━━━ Data under study ━━━
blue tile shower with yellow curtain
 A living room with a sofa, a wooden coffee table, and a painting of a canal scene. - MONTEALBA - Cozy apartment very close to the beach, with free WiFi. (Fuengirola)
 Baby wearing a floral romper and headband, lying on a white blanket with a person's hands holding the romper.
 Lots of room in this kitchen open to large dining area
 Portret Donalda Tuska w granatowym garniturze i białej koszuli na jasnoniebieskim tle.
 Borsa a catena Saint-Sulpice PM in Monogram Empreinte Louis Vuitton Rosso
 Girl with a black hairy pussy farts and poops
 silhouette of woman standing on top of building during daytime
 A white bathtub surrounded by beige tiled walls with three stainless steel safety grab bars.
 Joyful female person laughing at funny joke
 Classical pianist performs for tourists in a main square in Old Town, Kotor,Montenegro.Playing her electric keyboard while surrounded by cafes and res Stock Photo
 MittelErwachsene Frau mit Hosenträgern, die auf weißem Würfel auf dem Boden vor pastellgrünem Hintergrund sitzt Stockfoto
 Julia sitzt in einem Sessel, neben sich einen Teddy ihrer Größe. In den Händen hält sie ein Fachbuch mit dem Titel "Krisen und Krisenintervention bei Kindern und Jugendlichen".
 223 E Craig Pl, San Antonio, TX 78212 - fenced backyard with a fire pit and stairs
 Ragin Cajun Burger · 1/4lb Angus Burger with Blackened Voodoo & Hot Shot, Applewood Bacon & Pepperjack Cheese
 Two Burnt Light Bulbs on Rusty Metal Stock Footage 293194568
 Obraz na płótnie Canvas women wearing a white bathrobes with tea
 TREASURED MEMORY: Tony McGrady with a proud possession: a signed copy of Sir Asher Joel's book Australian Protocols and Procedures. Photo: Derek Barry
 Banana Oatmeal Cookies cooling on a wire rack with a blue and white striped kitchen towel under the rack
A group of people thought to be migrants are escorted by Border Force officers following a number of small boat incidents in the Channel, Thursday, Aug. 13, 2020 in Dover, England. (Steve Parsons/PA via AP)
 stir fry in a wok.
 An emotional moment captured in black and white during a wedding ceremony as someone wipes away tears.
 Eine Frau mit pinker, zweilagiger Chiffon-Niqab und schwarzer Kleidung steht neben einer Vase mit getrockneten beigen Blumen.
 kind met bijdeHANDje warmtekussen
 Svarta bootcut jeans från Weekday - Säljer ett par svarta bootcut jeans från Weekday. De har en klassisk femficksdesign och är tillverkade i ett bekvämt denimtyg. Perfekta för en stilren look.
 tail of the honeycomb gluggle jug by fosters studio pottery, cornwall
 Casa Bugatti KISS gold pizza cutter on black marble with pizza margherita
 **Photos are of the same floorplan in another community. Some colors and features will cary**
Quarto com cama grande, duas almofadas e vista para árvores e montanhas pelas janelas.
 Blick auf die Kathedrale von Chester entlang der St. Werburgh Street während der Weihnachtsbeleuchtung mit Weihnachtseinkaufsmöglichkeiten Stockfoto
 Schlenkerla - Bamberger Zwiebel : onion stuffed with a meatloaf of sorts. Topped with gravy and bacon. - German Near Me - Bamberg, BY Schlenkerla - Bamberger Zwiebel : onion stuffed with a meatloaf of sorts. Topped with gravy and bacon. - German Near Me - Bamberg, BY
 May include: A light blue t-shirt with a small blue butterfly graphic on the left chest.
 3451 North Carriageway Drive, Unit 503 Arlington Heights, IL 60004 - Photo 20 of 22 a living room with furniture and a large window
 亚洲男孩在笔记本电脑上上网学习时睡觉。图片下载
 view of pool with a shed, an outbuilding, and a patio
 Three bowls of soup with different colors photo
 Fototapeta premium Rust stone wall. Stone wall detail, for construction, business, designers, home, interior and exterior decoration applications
━━━
__Work instructions__
For each line in the data above that contains the string "neben", extract the line.

__Reply to the task__
 Julia sitzt in einem Sessel, neben sich einen Teddy ihrer Größe. In den Händen hält sie ein Fachbuch mit dem Titel "Krisen und Krisenintervention bei Kindern und Jugendlichen".
 Eine Frau mit pinker, zweilagiger Chiffon-Niqab und schwarzer Kleidung steht neben einer Vase mit getrockneten beigen Blumen.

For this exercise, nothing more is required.